- **TASK ITEM**:
Repeat all of the data precisely.

- **DATA**:
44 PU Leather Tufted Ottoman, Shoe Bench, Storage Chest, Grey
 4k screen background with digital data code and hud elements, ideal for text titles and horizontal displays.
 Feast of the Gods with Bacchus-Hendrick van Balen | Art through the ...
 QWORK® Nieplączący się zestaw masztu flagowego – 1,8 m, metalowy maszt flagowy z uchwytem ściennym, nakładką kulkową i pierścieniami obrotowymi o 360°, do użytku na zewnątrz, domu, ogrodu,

- **WRITTEN ANSWER**:
44 PU Leather Tufted Ottoman, Shoe Bench, Storage Chest, Grey
 4k screen background with digital data code and hud elements, ideal for text titles and horizontal displays.
 Feast of the Gods with Bacchus-Hendrick van Balen | Art through the ...
 QWORK® Nieplączący się zestaw masztu flagowego – 1,8 m, metalowy maszt flagowy z uchwytem ściennym, nakładką kulkową i pierścieniami obrotowymi o 360°, do użytku na zewnątrz, domu, ogrodu,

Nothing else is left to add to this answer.